China’s economy grew by 5 per cent last year, hitting Beijing’s official goal thanks to a record trade surplus that offset domestic weaknesses. Growth slowed to 4.5 per cent in the final quarter of 2025 for the world’s second-largest economy.
The year brought struggles to raise consumer spending, a drawn-out property crisis and fallout from U.S. President Donald Trump’s tariffs. Experts call it a “two-speed economy,” with manufacturing and exports lifting activity while cautious households and a slumping housing market hold it back. Retail sales rose just 0.9 per cent in December, the slowest in three years, though factory output hit 5.2 per cent.
Births fell to 7.9 million in 2025, the lowest since 1949 per National Bureau of Statistics figures. This drop will cut demand for homes and goods, piling pressure on the property sector. Population shrank by 3.4 million to 1.4 billion for the fourth year running, deepening the demographic crunch despite family incentives.
A $1.19 trillion trade surplus—the biggest ever—came from exports to non-U.S. markets. “China is effectively pushing growth through exports at a loss, and that is not sustainable. Cutting prices may keep volumes up, but it undermines profits and, ultimately, growth,” Alicia Garcia-Herrero, chief economist for Asia Pacific at French bank Natixis, told the BBC.

Kang Yi, head of China’s National Bureau of Statistics, said the economy “faces problems and challenges, including strong supply and weak demand” but will “maintain stable, sound growth momentum this year.” Export dependence raises risks from trade tensions, with a U.S. tariff pause ending in November 2026.
House prices dropped 2.7 per cent year on year in December—the steepest in five months—and property investment fell 17.2 per cent.
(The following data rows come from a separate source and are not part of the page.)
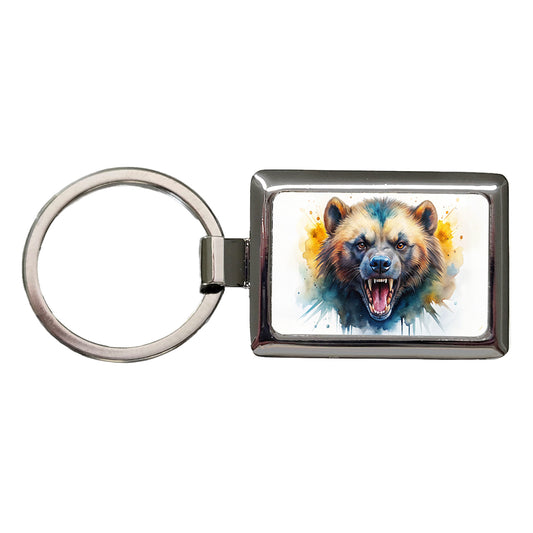 Angry Mad Wolverine Watercolor Rectangle Metal Keychain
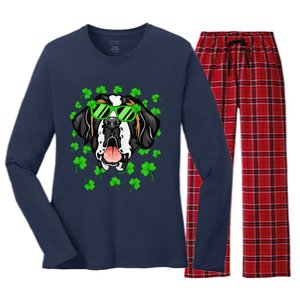 Leprechaun Saint Bernard St. Patrick's Day Dog Shamrock Women's Long Sleeve Flannel Pajama Set 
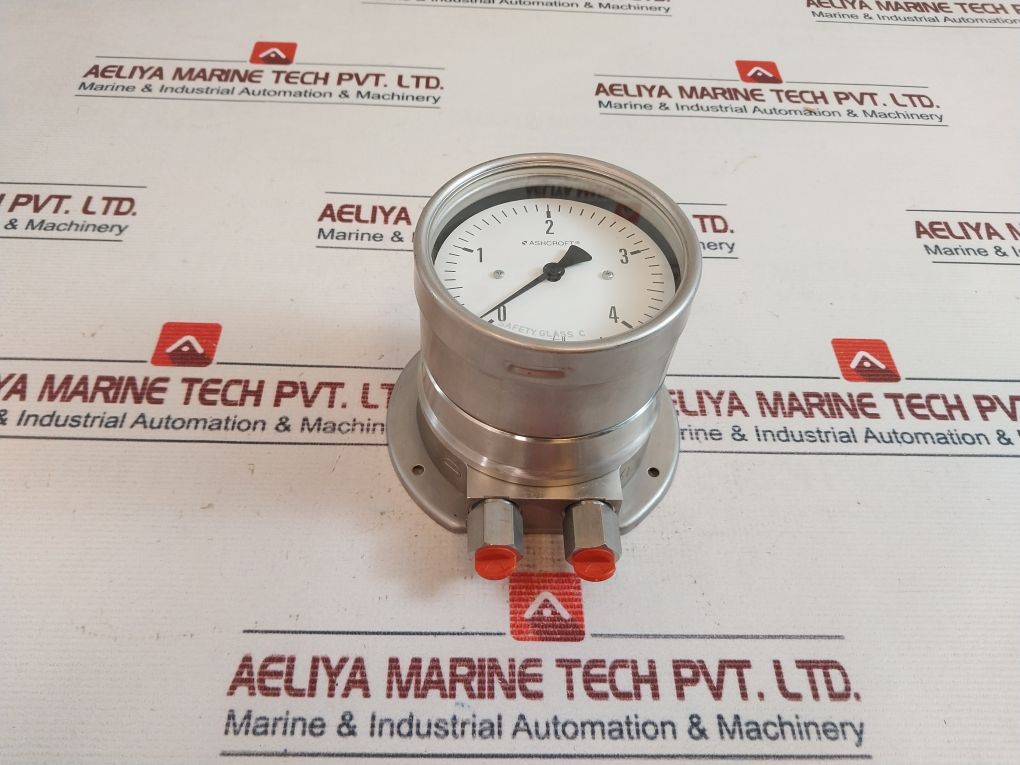 Ashcroft 100=F5502=S=25=L=0/4 Bar Pressure Gauge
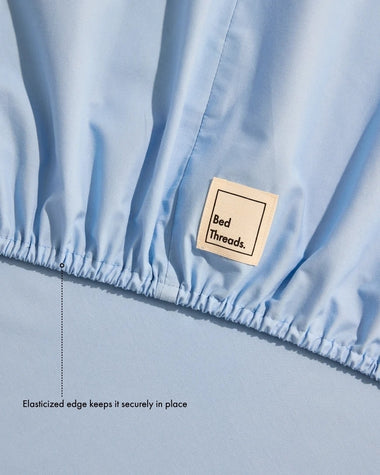 Sky 100% Organic Cotton Percale Fitted Sheet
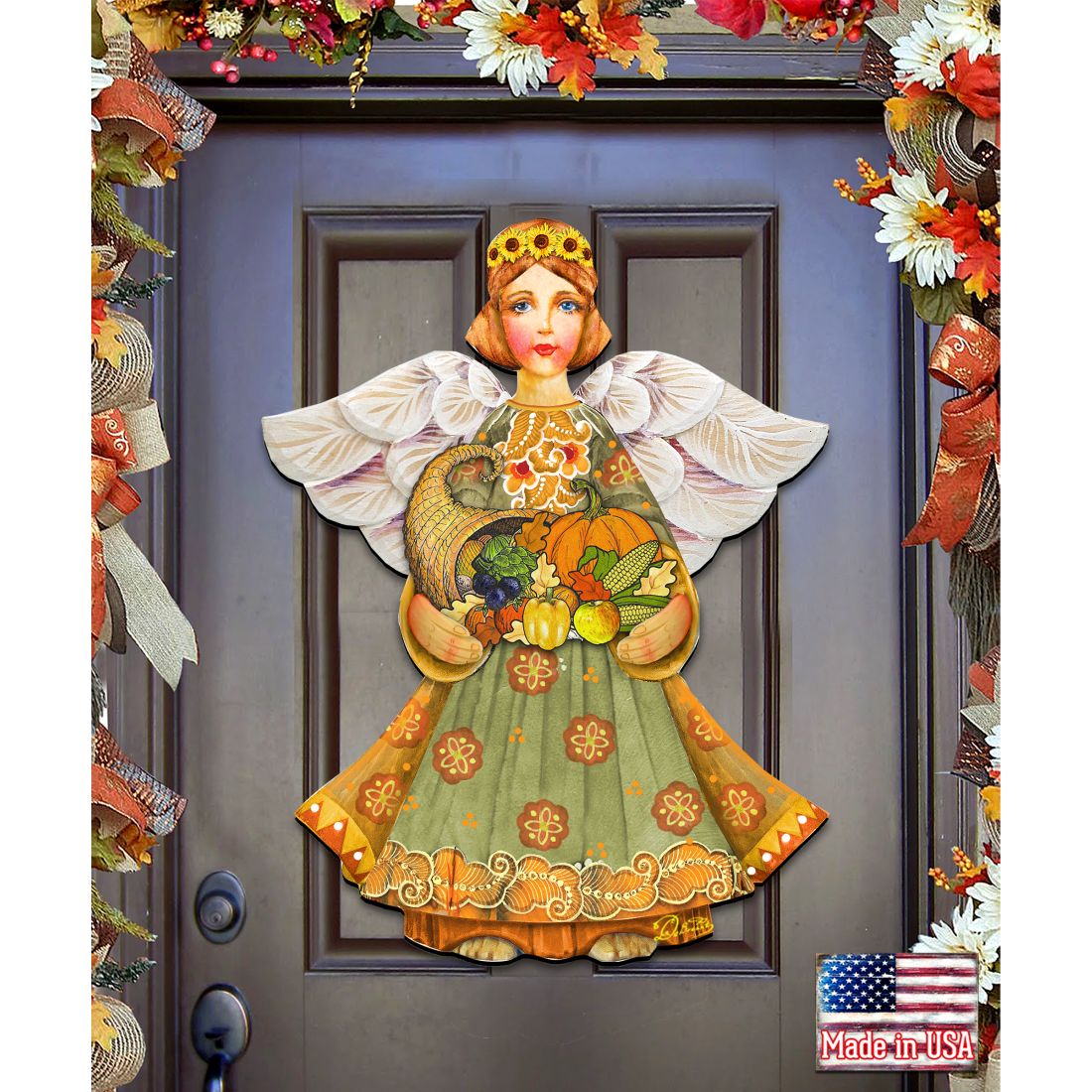 Fall Angel Thanksgiving Halloween Door Decor by G. DeBrekht - Thanksgiving Halloween Decor - 8155232H-0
The sector, once a quarter of GDP, has hit construction, wealth and local budgets, leaving many with unfinished homes.
Policymakers held back stimulus after hitting the target, saving it for this year’s “proactive” plans amid fragile foundations.
“We think growth is weaker than official figures suggest,” said Zichun Huang, China economist at Capital Economics, who reckons the official numbers “overstate the pace of economic expansion” by at least 1.5 percentage points.